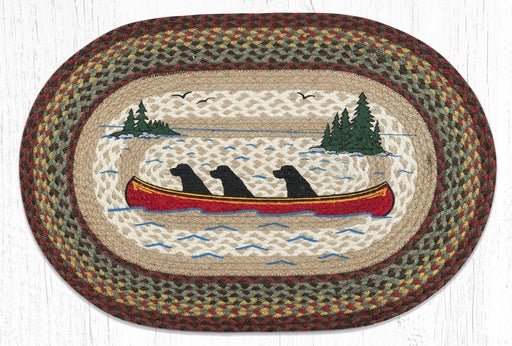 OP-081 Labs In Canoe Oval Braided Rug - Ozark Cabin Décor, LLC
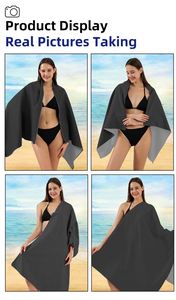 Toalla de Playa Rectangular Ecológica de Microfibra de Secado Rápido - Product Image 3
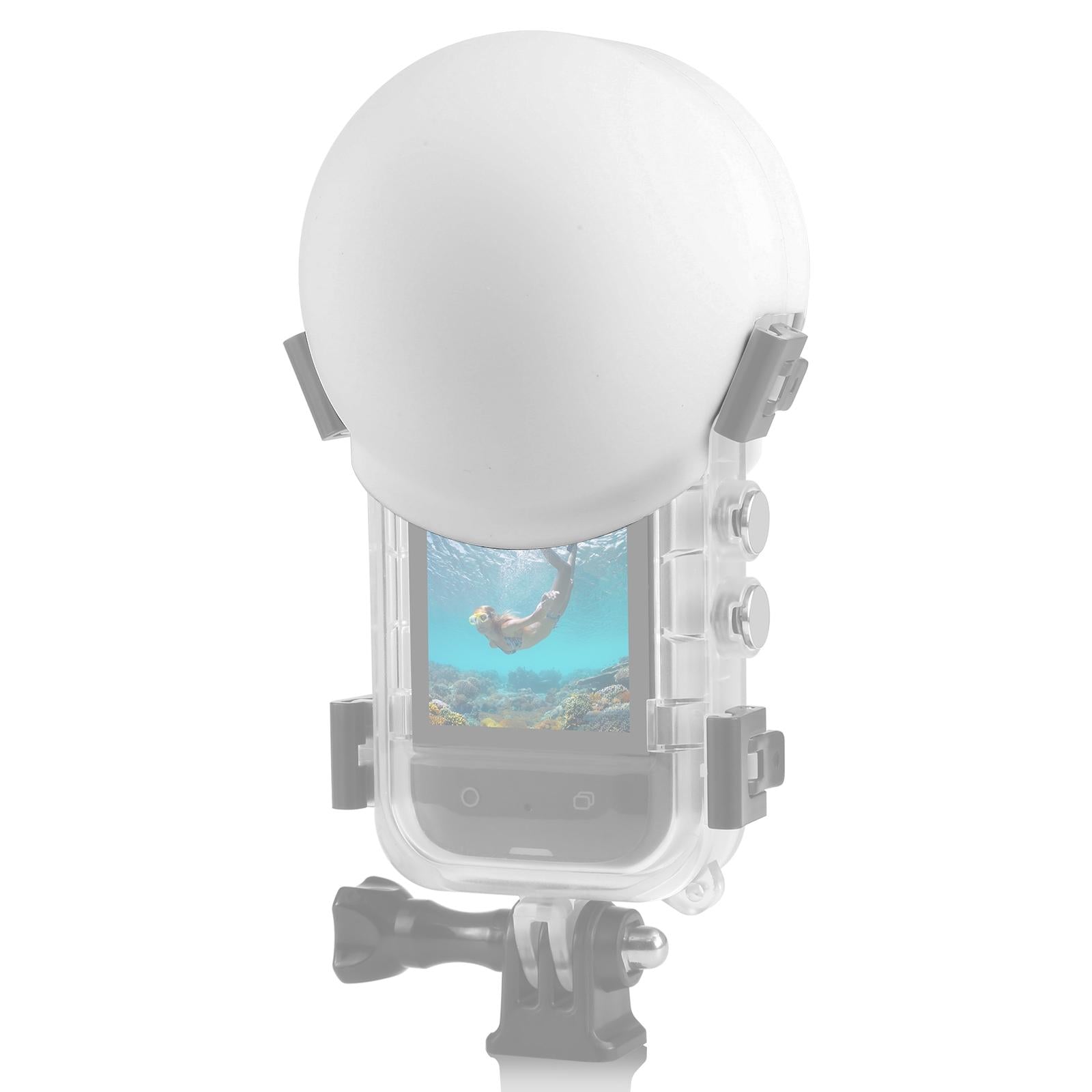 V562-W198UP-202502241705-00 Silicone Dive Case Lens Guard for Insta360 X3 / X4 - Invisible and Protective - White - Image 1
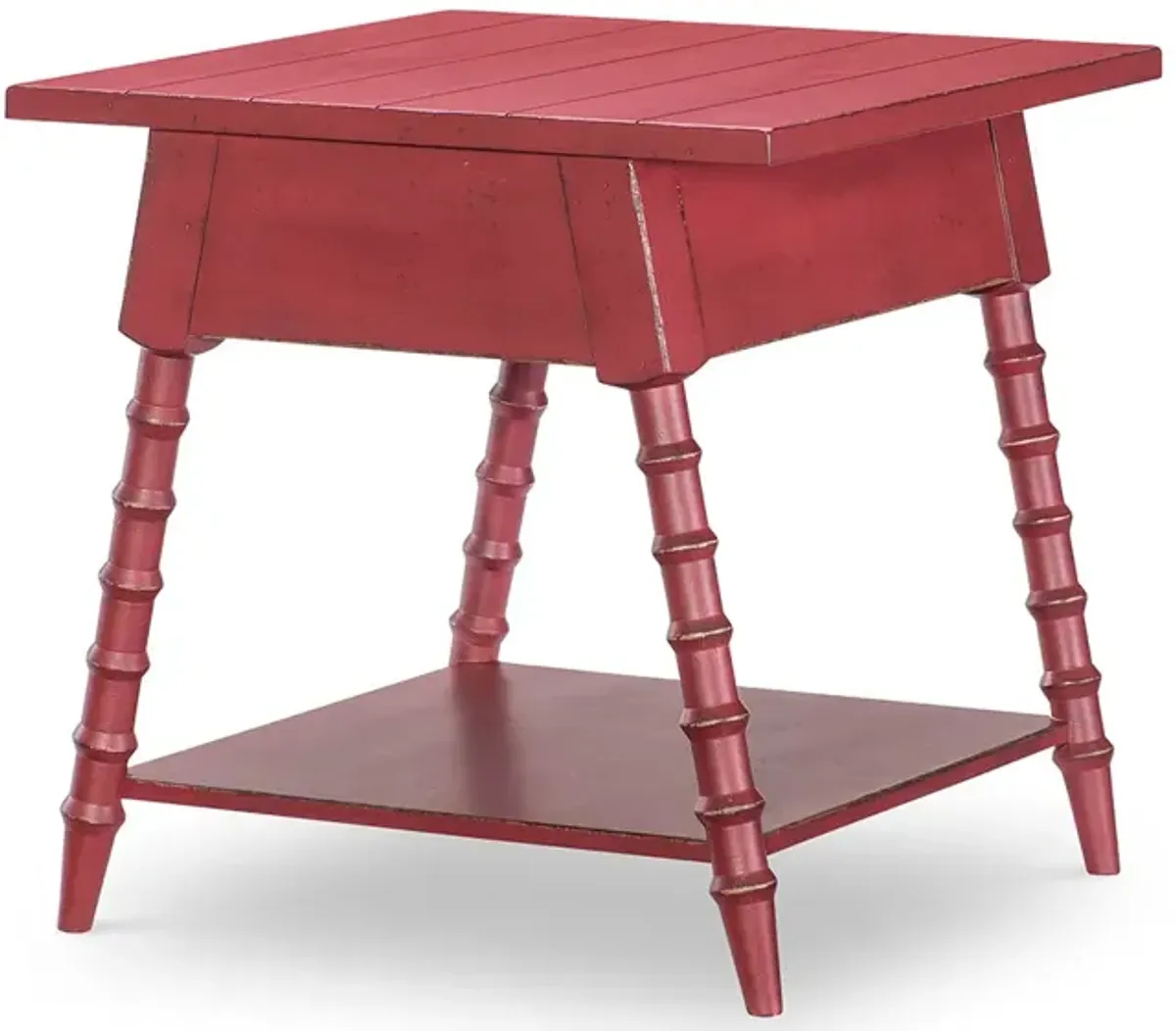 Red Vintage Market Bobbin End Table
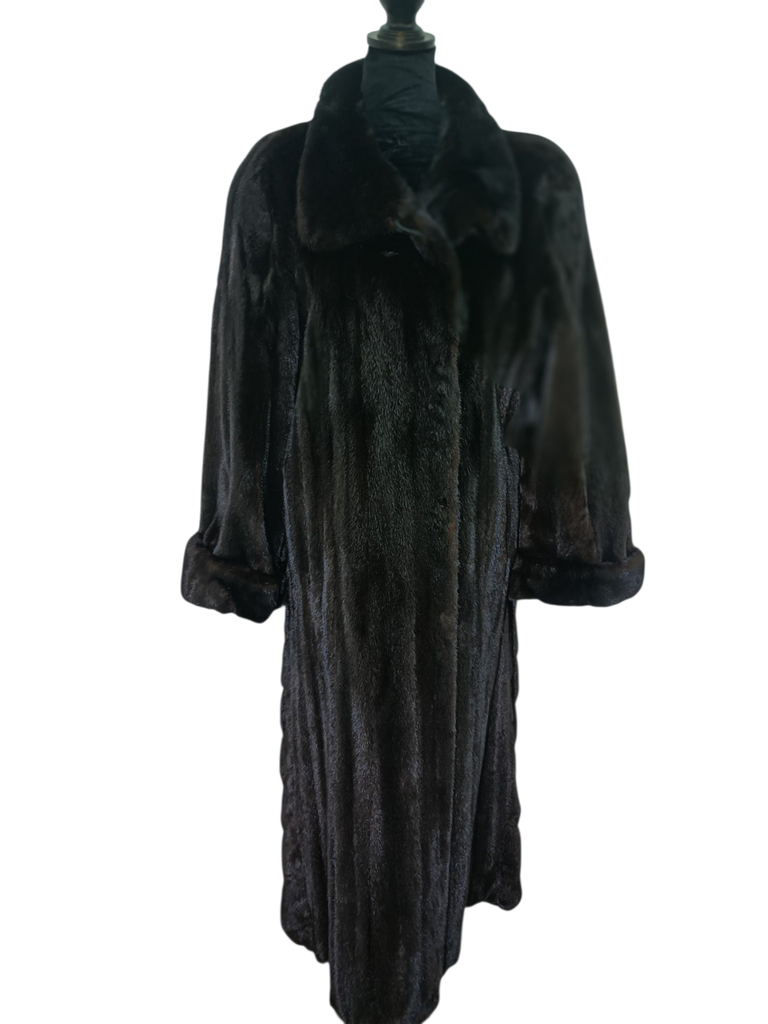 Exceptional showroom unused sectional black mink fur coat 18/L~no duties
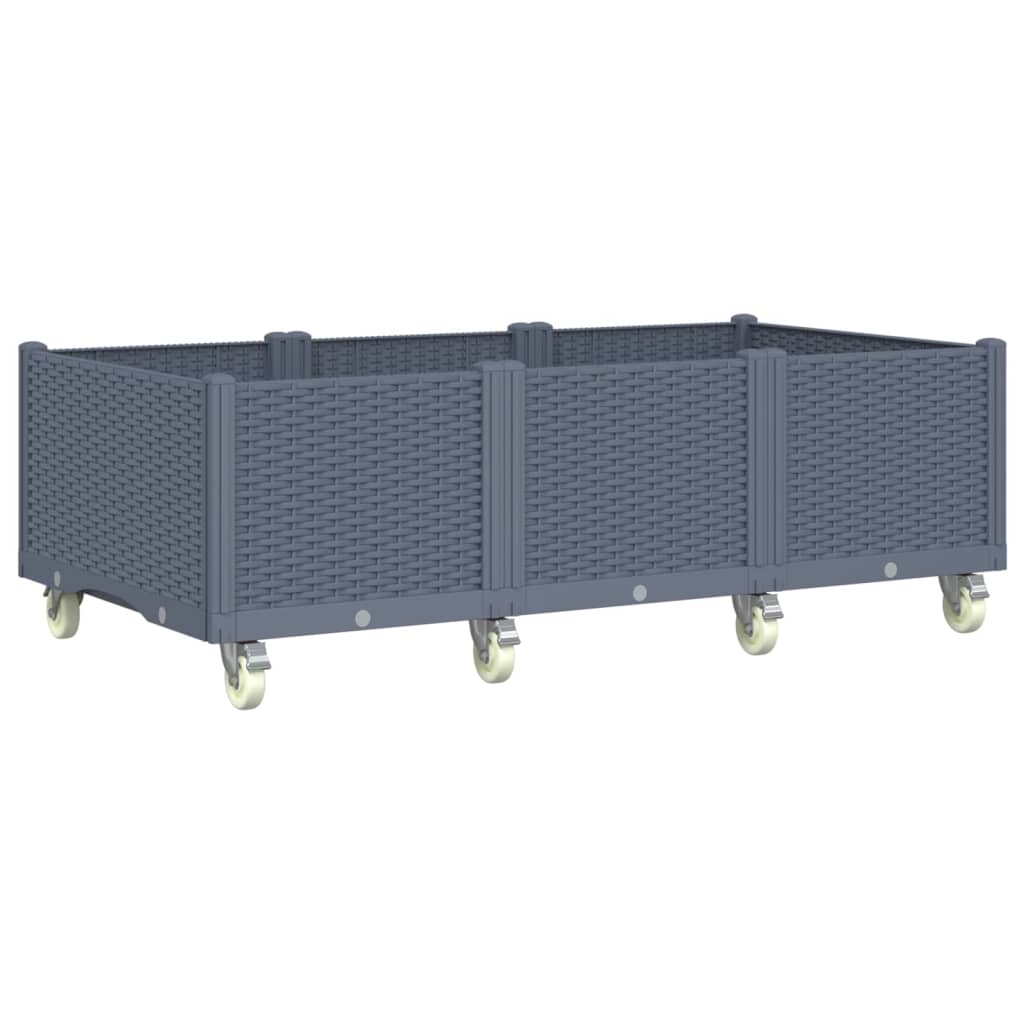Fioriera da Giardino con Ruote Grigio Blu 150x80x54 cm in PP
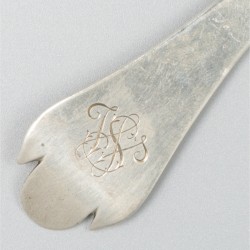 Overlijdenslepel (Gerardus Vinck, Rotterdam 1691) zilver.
================
_WHAT THIS TASK INVOLVES:_ When copying from the data above, print only the lines from the line containing "Toalla de Playa" to the line containing "Exceptional showroom unused", exactly, and leave the pictures out.

_RESULT OF THIS TASK:_
 Toalla de Playa Rectangular Ecológica de Microfibra de Secado Rápido - Product Image 3
 V562-W198UP-202502241705-00 Silicone Dive Case Lens Guard for Insta360 X3 / X4 - Invisible and Protective - White - Image 1
 Red Vintage Market Bobbin End Table
 Exceptional showroom unused sectional black mink fur coat 18/L~no duties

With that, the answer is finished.